Clients ontvangen applicaties volgens geordende criteria
Het verzenden en ontvangen van applicaties is van vele factoren afhankelijk, zoals de beschikbare opslagruimte op een toestel, het model van een toestel en het type besturingssysteem. De downloadvolgorde wordt bepaald door de volgende criteria, van boven naar beneden.
- Toestellen met de meeste vrije opslagruimte.
- Voorkeurstoestellen, oftewel RVP's (‘rendezvous points’)
- Toestelmodel (desktops genieten de voorkeur boven laptops)
- Type besturingssysteem (servers genieten de voorkeur boven werkstations)
- Toestellen die het langst aan staan
- Toestellen met de meeste bruikbare opslagruimte
Back-upsystemen
Peer-to-peerclients ontvangen applicatiepakketten van een CDN of een bestandssysteem als de pakketten niet binnen de hiërarchie voorhanden zijn. Een CDN (optioneel voor implementaties op locatie) biedt hogere downloadsnelheden dan het bestandssysteem.
Peer-to-peerserver installeren vanaf de UEM Console
U kunt de peer-to-peerserver downloaden vanaf de pagina Peer-to-peerdistributie in de Workspace ONE UEM console en de server installeren. Tijdens de installatie kunt u de instructies in de installatiewizard volgen.
- Zorg ervoor dat de machine waarop de peer-to-peerserver wordt gehost, aan de vereisten voldoet.
- Ga naar en download de server.
- Open het uitvoerbare installatieprogramma van de server.
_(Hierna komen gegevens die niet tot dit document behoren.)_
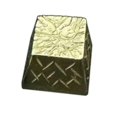 thumbnail image 1 of 1PC Engraveds Brass Flaw Keycaps Cherrys Profile Artisans Metal Key Caps for Mechanical Keyboards, 1 of 4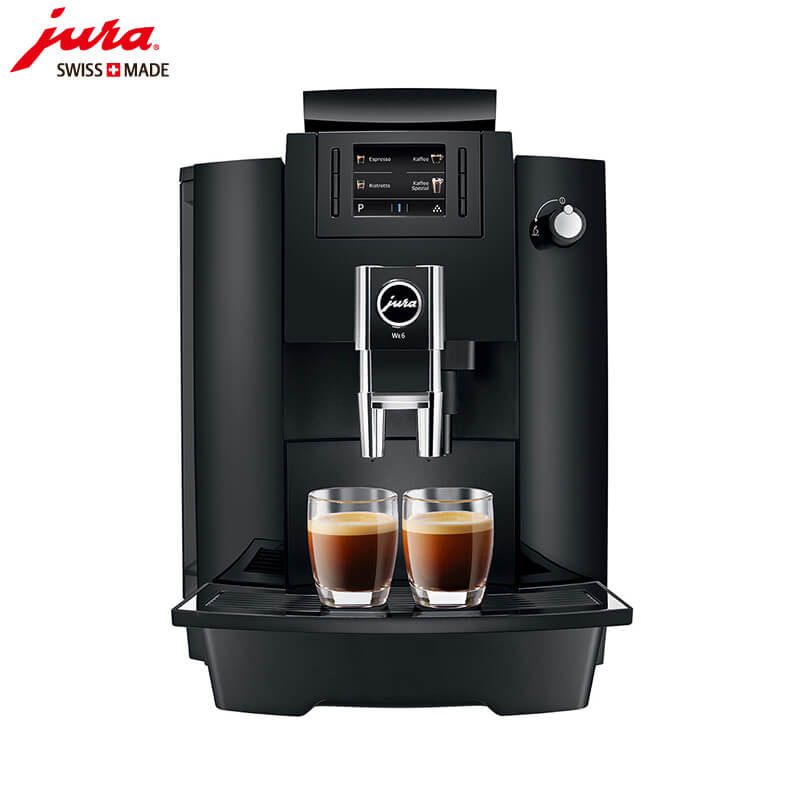 祝桥JURA/优瑞咖啡机 WE6 进口咖啡机,全自动咖啡机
- Selecteer een SQL-servertype en configureer de Instellingen.
Kies uit de volgende opties:
- Configureer de locatie waar de wizard SQL Server Express installeert om een nieuwe instantie van SQL Server Express te downloaden en gebruiken.
- Als u een bestaande SQL-database of SQL Server Express wilt gebruiken, voert u de SQL-server en inloginformatie in. Details zijn onder andere de naam van de databaseserver, de naam van de SQL-instantie, de poort van de verbinding en de details van de verificatie.
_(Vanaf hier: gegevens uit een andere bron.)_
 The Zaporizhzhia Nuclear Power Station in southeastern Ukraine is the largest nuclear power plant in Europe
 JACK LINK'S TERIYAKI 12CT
- Klik op Installeren. Als u een nieuwe instantie van SQL Server Express hebt gedownload, wordt de server gedownload en geïnstalleerd met de peer-to-peerdistributieserver. De peer-to-peerdistributieserver wordt gedownload en geïnstalleerd.
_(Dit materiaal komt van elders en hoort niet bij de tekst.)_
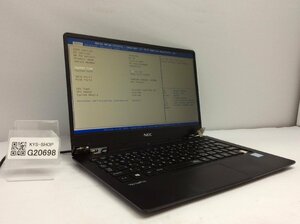 ジャンク/ NEC PC-VKA10HGG6QD3 Intel Core m3-7Y30 メモリ4.1GB SSD128.03GB 【G20698】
- Kopieer de Beveiligingssleutel om deze in de UEM-console in te voeren. Voer ook de naam en het IP-adres in van de nieuwe server.Opmerking: Als u de oorspronkelijke beveiligingssleutel tijdens de peerdistributie kwijtraakt, kunt u een nieuwe sleutel genereren door het installatieprogramma voor peer-to-peerdistributie opnieuw uit te voeren. U kunt de optie Een nieuwe VMware gedeelde sleutel genereren selecteren in het gedeelte Installatie-instellingen.
SQL Server Express handmatig installeren
Voor installatie van de peer-to-peerdistributieserver is in sommige gevallen SQL Server Express vereist. Als uw firewallregels op de peer-to-peerserver de gratis download van SQL Server Express blokkeren, installeert u SQL Server Express handmatig.
- Download de SQL Server Express van http://redirect.adaptiva.cloud/sqlexpress2014 op een machine zonder firewallbeperkingen.
- Op de servermachine kopieert u de gedownloade SQL Server Express-installatie en pakt u deze uit in
c:\sqltemp
.C:\sqltemp\Setup.exe /q /Hideconsole /ACTION=Install /IACCEPTSQLSERVERLICENSETERMS /Features=SQLEngine /TCPENABLED=1 /BROWSERSVCSTARTUPTYPE=Automatic /AddCurrentUserAsSQLAdmin /SQLSYSADMINACCOUNTS="NT AUTHORITY\LOCAL SERVICE" "NT AUTHORITY\SYSTEM" /SQLSVCACCOUNT="NT AUTHORITY\SYSTEM" /SQLSVCSTARTUPTYPE=Automatic /INSTANCENAME=ADAPTIVASQL
- Voer de installatiewizard voor peer-to-peer servers uit met SQL Server Express. Het systeem genereert SQL-installatielogboeken in %temp%.